Until March, Haganah suffered also a lack of arms. The Jewish fighters benefitted from a number of clandestine factories that manufactured some light weapons, ammunition and explosives. The one weapon of which there was no shortage was locally produced explosives. However, they had far less than what was necessary to carry out a war: in November, only one out of every three Jewish combatants was armed, rising to two out of three within Palmach.

Haganah sent agents to Europe and to the United States, in order to arm and equip this army.
To finance all of this, Golda Meir managed, by the end of December, to collect $25 million through a fundraising campaign set about in the United States to capitalize on American sympathisers to the Zionist cause.
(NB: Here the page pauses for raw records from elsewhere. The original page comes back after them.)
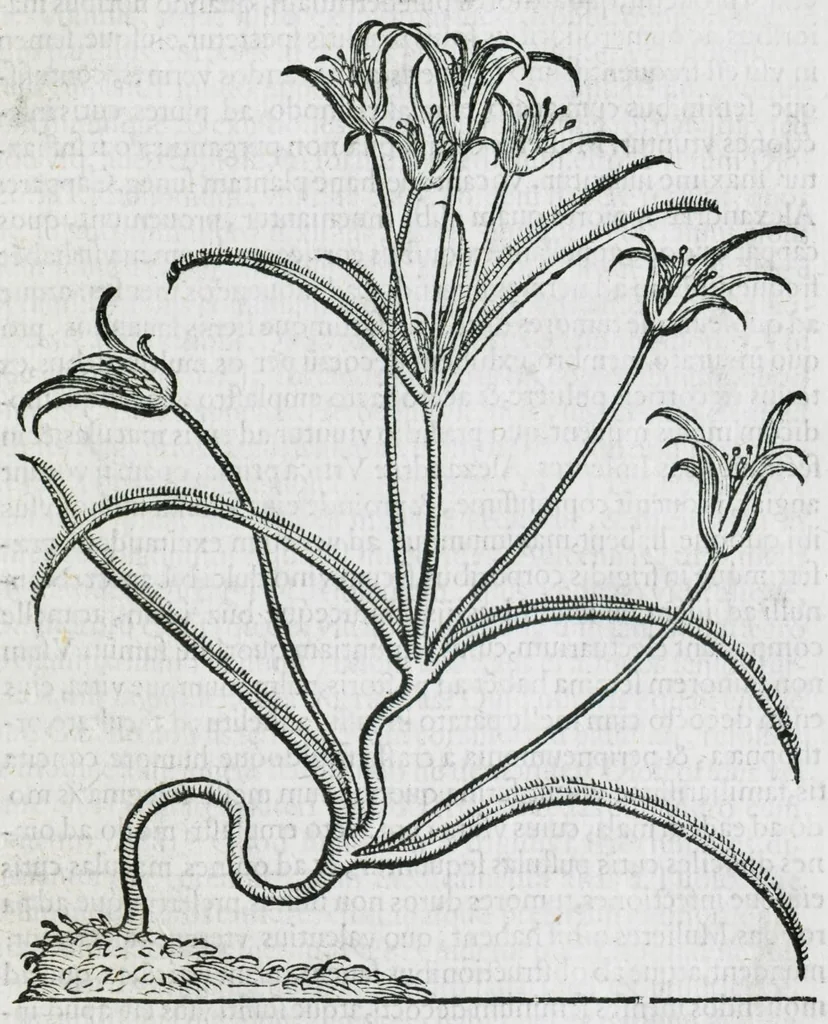 An illustration from Prosperi Alpini De plantis Aegypti liber. In quo non pauci, qui circa herbarum materiam irrepserunt, errores, deprehenduntur, quorum causa hactenus multa medicamenta ad usum medicine admodum expetenda, plerisque medicorum, non sine artis iactura, occulta, atque obsoleta iacuerunt... Accessit etiam liber de balsamo aliàs editus, 1592, leaf 123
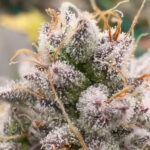 Red Skrrrt-Banger Feminized Seeds by Terphogz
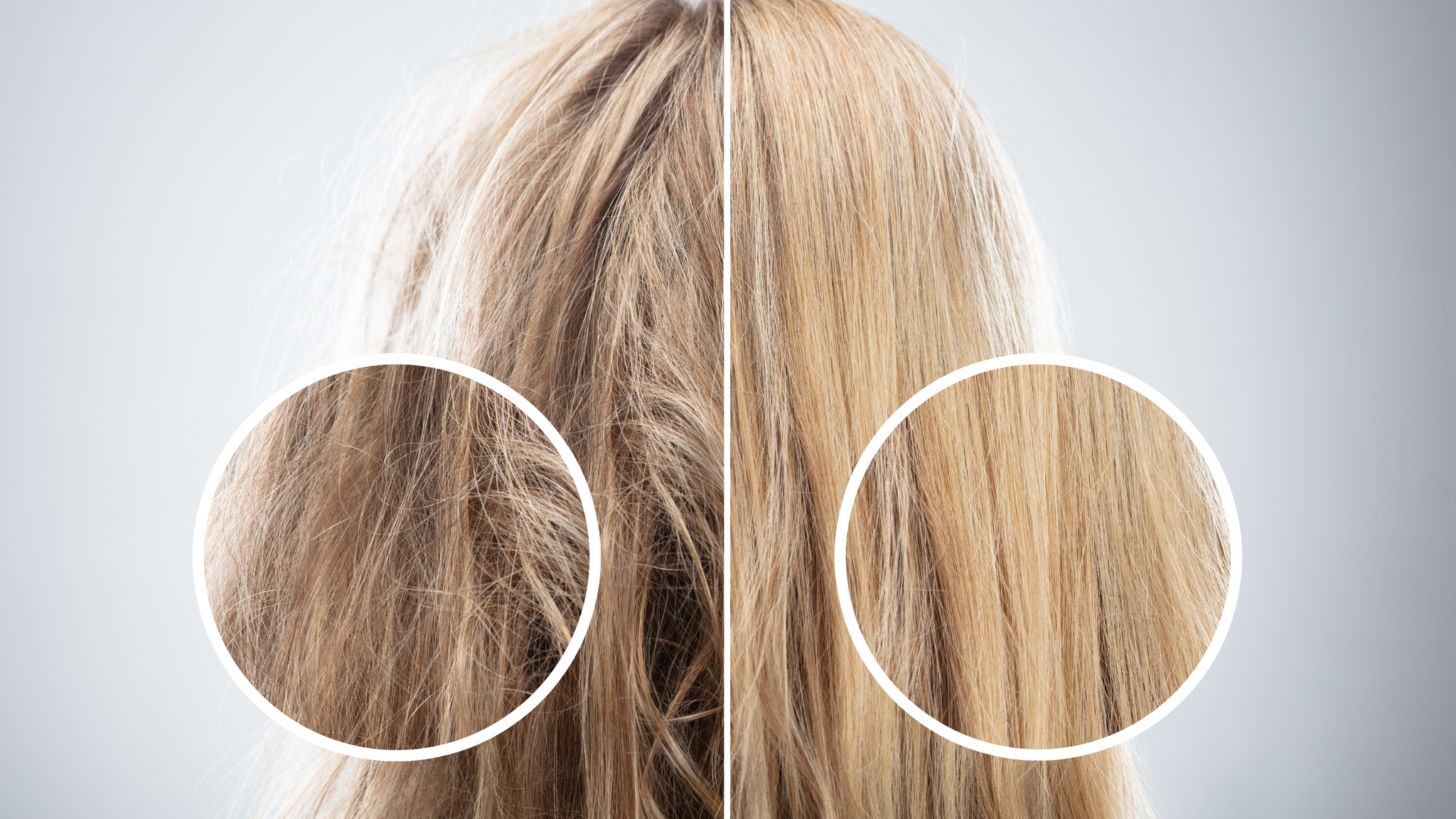 The Ultimate Guide to Hair Porosity & Product Matching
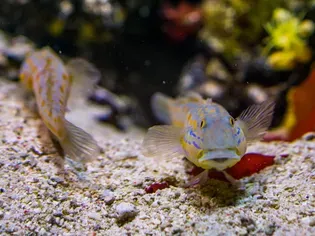 Sand Sifting Gobies in Your Saltwater Aquarium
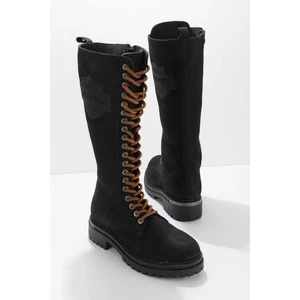 Harley Davidson Çizme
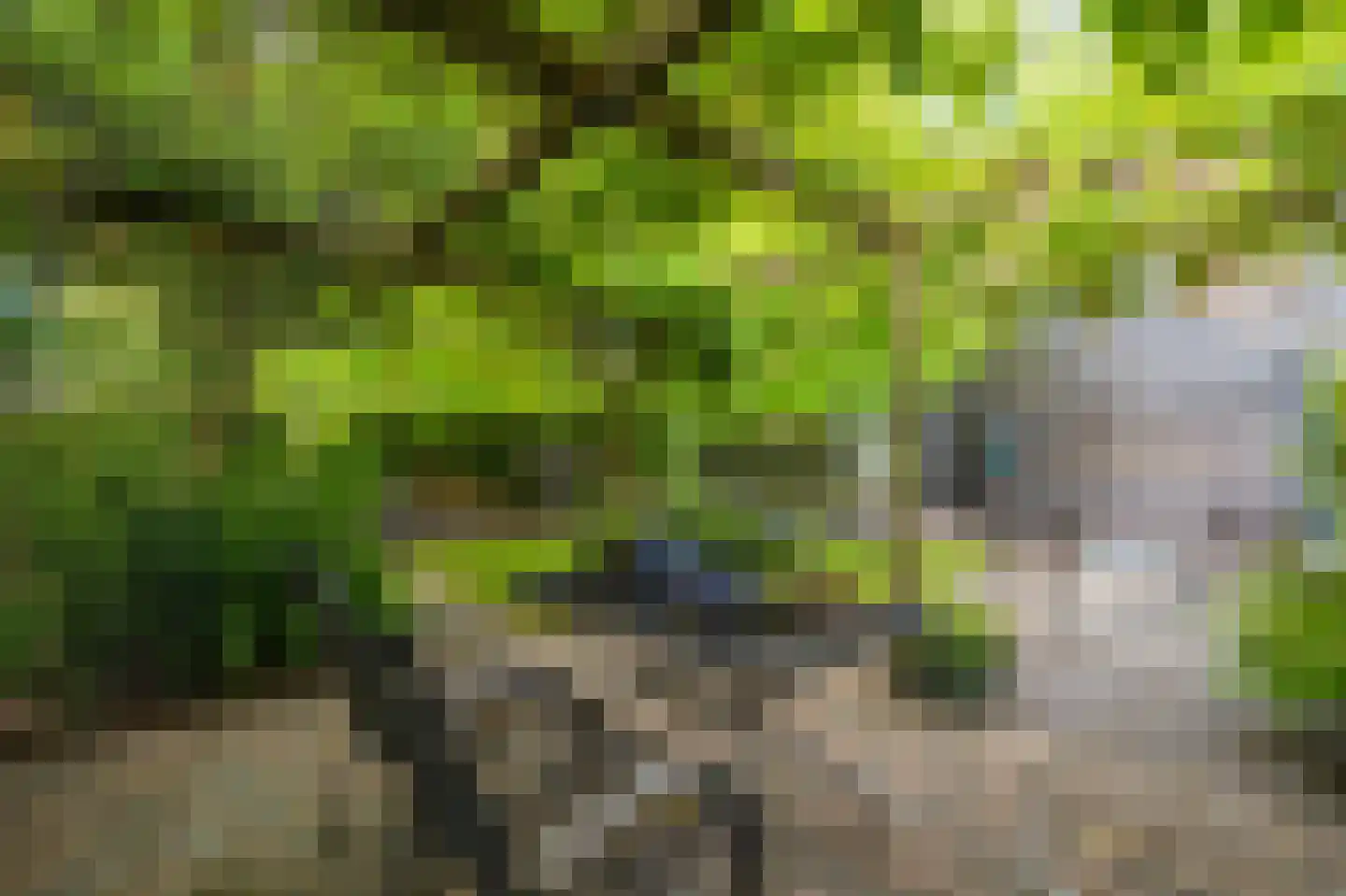 Buitenlust 68 Sappemeer thumbnail 31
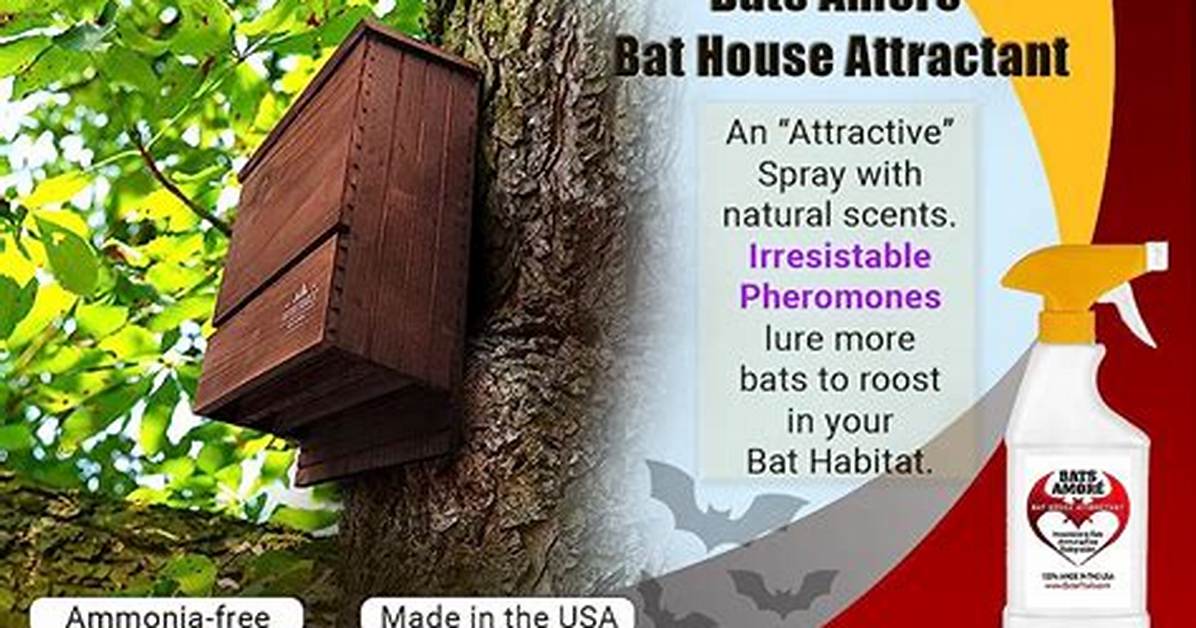 How Does Bat Attractant Work?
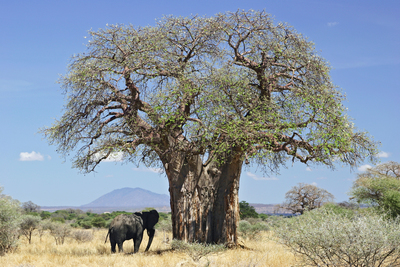 Adansonia digitata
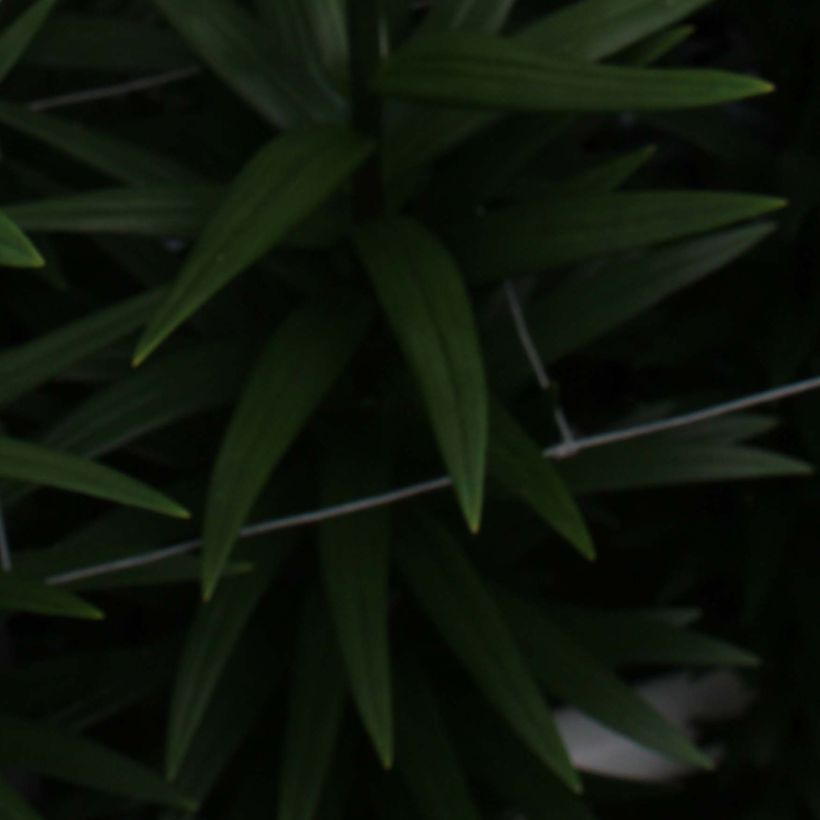 Lis asiatique Navona (Feuillage)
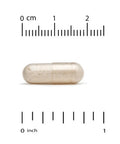 California Gold Nutrition Lactobif Probiotics, 30 Billion Cfu, 60 Veggie Capsules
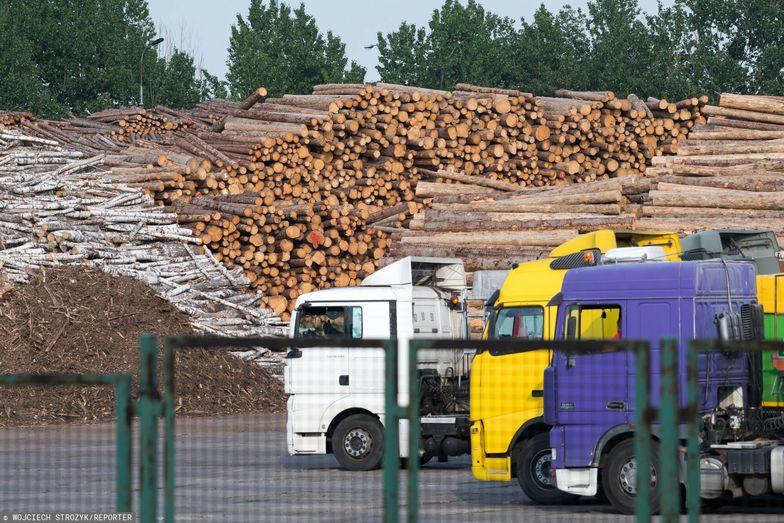 Polskie drewno sprzedaje się na pniu. Pojawiają się zarzuty, że wyjeżdża za granicę. Czy słuszne?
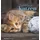 ALPHA EDITION GmbH & Co. KG Alpha Edition - Schmusekatzen 2025 Postkartenkalender, 16x17cm, Kalender mit Postkarten zum Heraustrennen, Monatsübersicht, zum Aufstellen oder Aufhängen und internationales Kalendarium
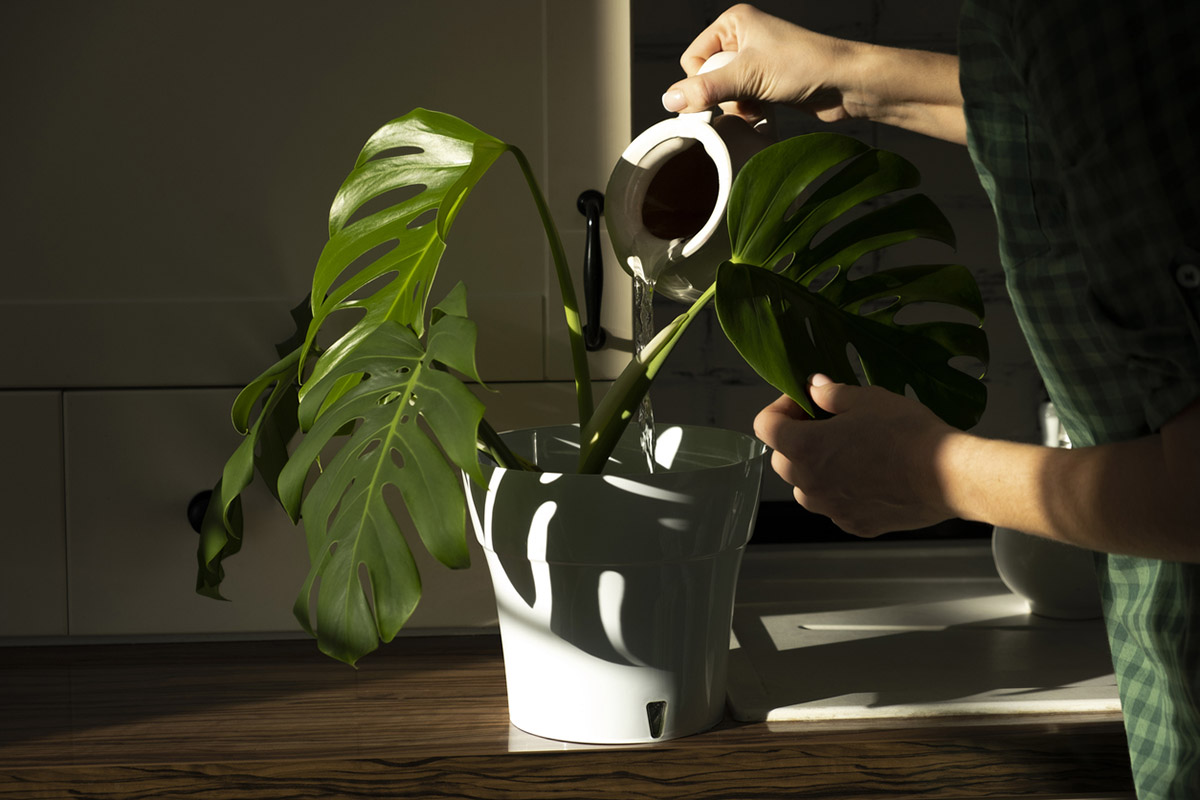 φυτά και ζέστη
Out of the 129 million US dollars raised between October 1947 and March 1949 for the Zionist cause, more than $78 million, over 60%, were used to buy arms and munition.

A leased transport plane was used for the Operation Balak first arms ferry flight from Czechoslovakia on the end of March 1948. At the beginning of April 1948, a shipment of thousands of rifles and hundreds of machine guns arrived at Tel Aviv harbor. With this big shipment, Haganah could supply weapons to a concentrated effort, without taking over the arms of other Jewish territory and risking them being with no weapons. Haganah went into the offensive, although still lacking heavy weapons.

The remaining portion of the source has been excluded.